Schumer corners House GOP on January government shutdown
Senate Majority Chuck Schumer (D-N.Y.) on Thursday teed up a Senate vote on legislation to extend federal spending past the Jan. 19 funding deadline.
Why it matters: The move puts pressure on House Speaker Mike Johnson (R-La.) to act to avoid a government shutdown despite his past pledges not to pass another stopgap and growing rebelliousness from his right flank.
Driving the news: In a floor speech on Thursday, Schumer said he will file cloture on a spending stopgap called a continuing resolution (CR), setting up a likely final vote on the measure by early next week.

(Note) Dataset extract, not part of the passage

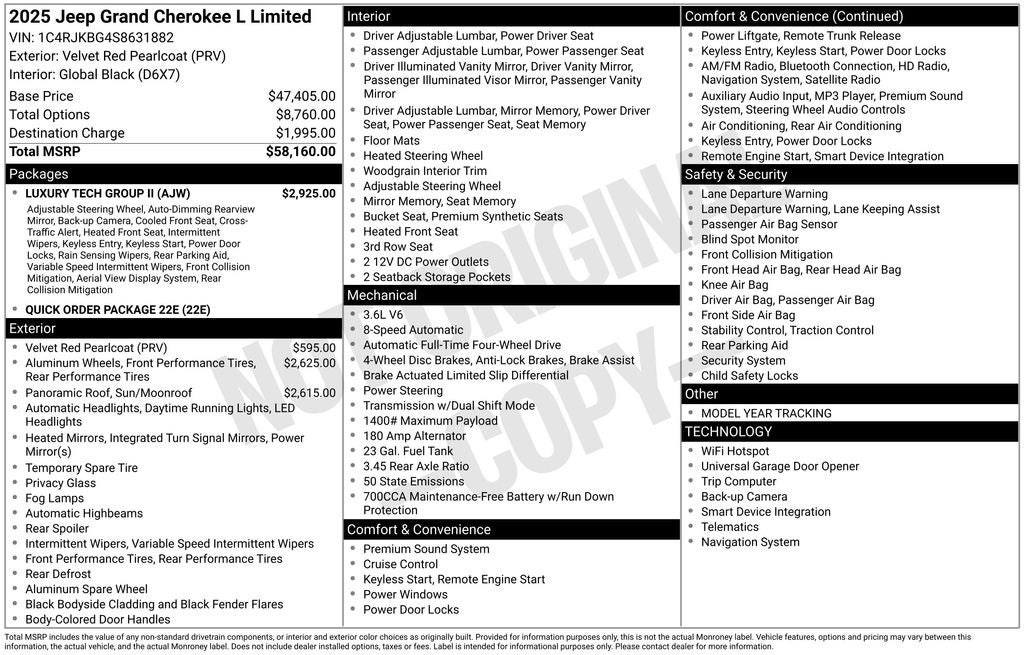 2025 Jeep Grand Cherokee L Limited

- "Unfortunately, it has become crystal clear that it will take more than a week to finish the appropriations process," Schumer said, adding that "the vast majority of us are all on the same page that a government shutdown would be a recipe for chaos."
- It is unclear how long the CR would keep the government funded and whether it would maintain the "laddered" approach of the last CR, which funded a handful of government agencies until Jan. 19 and the rest until Feb. 2.
- Schumer's move was first reported by Punchbowl News.
The backdrop: Schumer and Johnson reached a deal over the weekend on overall government spending levels for annual appropriations bills, but it will take considerable time to write and pass those bills.
- Compounding matters for Johnson is that many of his most right-wing members are up in arms about the deal, and have proven willing to force a stoppage on other legislation in protest.
- Those same members have advocated allowing a government shutdown unless Senate Democrats approve House GOP legislation re-instituting Trump-era border policies.
Between the lines: Schumer isn't the only one putting pressure on Johnson to acquiesce and pass a CR.
- Leading Senate Republicans have acknowledged the likely need for a CR, as have some House Republicans who say the Senate's slowness is the main culprit.